In the News (EIA):
Following Hurricane Maria in 2017, Puerto Rico’s LNG imports return to previous levels in the second quarter of 2018:
In 2018, Puerto Rico’s liquefied natural gas (LNG) imports neared 2016 annual levels, according to the U.S. Department of Energy, Office of Fossil Energy’s (FE) recently released LNG Annual Report. Imports into Puerto Rico were disrupted in 2017 after Hurricane Maria made landfall as a strong Category 4 hurricane on September 20, 2017. Puerto Rico imported 60.3 billion cubic feet (Bcf) of LNG in 2018, which was comparable to the 61.3 Bcf of total LNG imports in 2016.
Puerto Rico relies on fuel imports to meet its power generation needs. Nearly half of its generation was fueled by petroleum products and one- third of its generation was fueled by natural gas in 2017. All LNG imports are for electricity generation. Since September 2016, Puerto Rico has imported 100% of its LNG from Trinidad through long-term contracts. On average from 2013–2016, Puerto Rico received two LNG cargos per month—about 5 Bcf per month—into its Peñuelas LNG terminal in Ponce, Puerto Rico, which is located on the southwestern coast. Peñuelas typically operates at almost 90% of its regasification capacity of 186 million cubic feet per day (MMcf/d). Hurricane Maria made landfall in September 2017, heavily affecting imports. As a result, total imports in 2017 declined to 46.4 Bcf, a year-on-year decrease of 24%. From September through December 2017, LNG receipts were cut in half, with only one cargo per month. Puerto Rico resumed a normal level of LNG imports four months after the hurricane, although restoration efforts on electricity infrastructure took more than seven months. By April 2018, the Puerto Rico Electric Power Authority (PREPA) had restored electric power to 95% of customers. According to FE data, Puerto Rico has tripled its LNG imports since they first received cargos in 2005. The month before Hurricane Maria, the Federal Energy Regulatory Commission (FERC) had approved a 60% expansion of the Peñuelas regasification capacity from 186 MMcf/d to a total of 279 MMcf/d. According to FERC filings, EcóElectrica, L.P., the parent company, stated that disruption to the PREPA electric system and delays in restoration efforts had delayed the project from entering service until May 2018. Since the expansion, Puerto Rico imported a record 8.26 Bcf in September 2018.

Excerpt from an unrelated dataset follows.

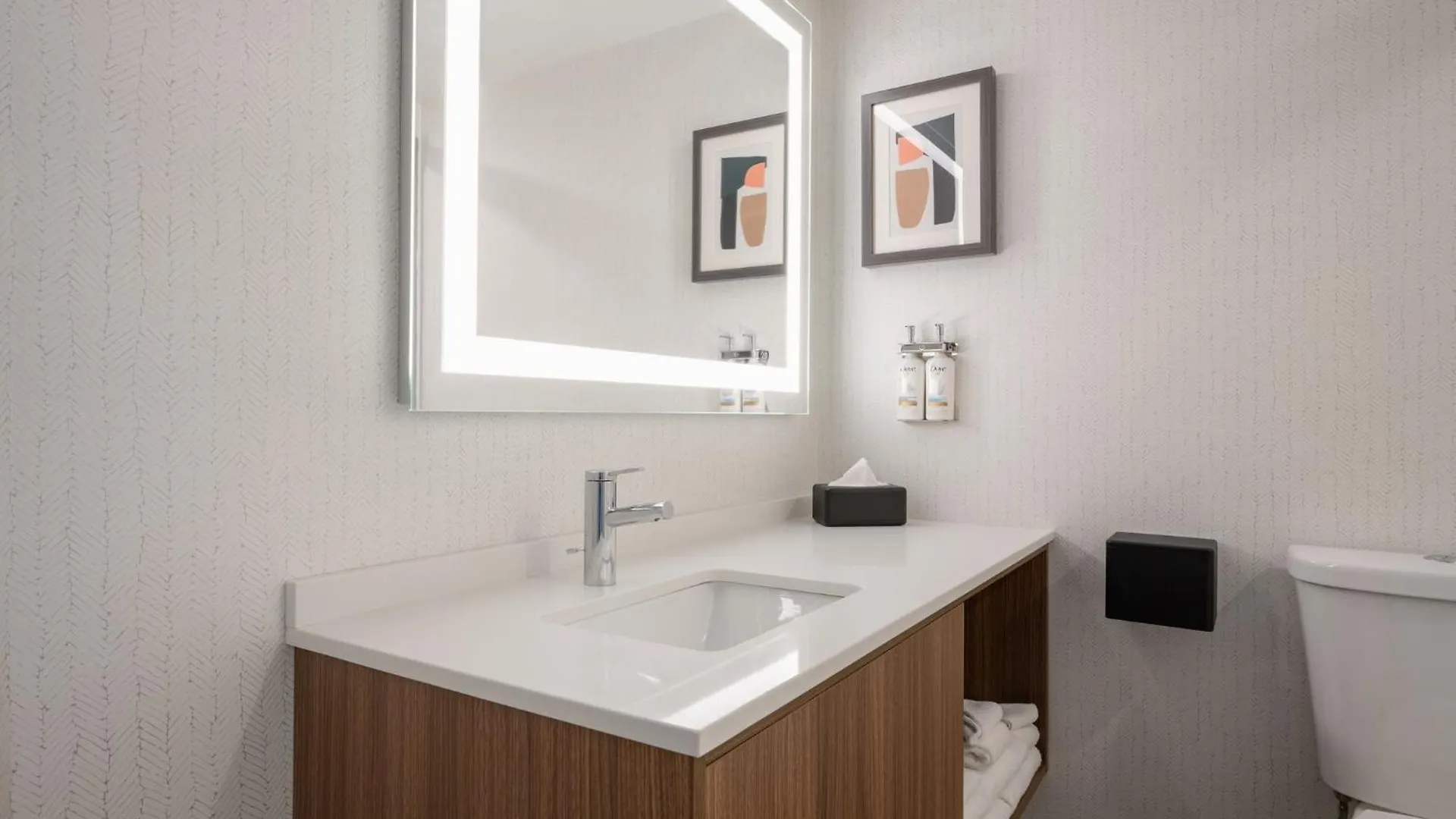 Holiday Inn & Suites Winnipeg Downtown By Ihg 3*,  Kanada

Natural gas spot prices rose at most locations this report week (Wednesday, February 27 to Wednesday, March 6). Henry Hub spot prices rose from $2.85 per million British thermal units (MMBtu) last Wednesday to $2.94/MMBtu yesterday. At the New York Mercantile Exchange (Nymex), the price of the April 2019 contract increased 4¢, from $2.799/MMBtu last Wednesday to $2.841/MMBtu yesterday. The price of the 12-month strip averaging April 2019 through March 2020 futures contracts climbed 4¢/MMBtu to $2.976/MMBtu. Net withdrawals from working gas totaled 149 billion cubic feet (Bcf) for the week ending March 1. Working natural gas stocks are 1,390 Bcf, which is 15% lower than the year-ago level and 25% lower than the five-year (2014–18) average for this week. The natural gas plant liquids composite price at Mont Belvieu, Texas, fell by 19¢/MMBtu, averaging $6.59/MMBtu for the week ending March 6. The price of ethane, propane, butane, and isobutane fell by 2%, 4%, 5%, and 5%, respectively. The price of natural gasoline remained flat week over week. According to Baker Hughes, for the week ending Tuesday, February 26, the natural gas rig count increased by 1 to 195. The number of oil-directed rigs fell by 10 to 843. The total rig count decreased by 9, and it now stands at 1,038.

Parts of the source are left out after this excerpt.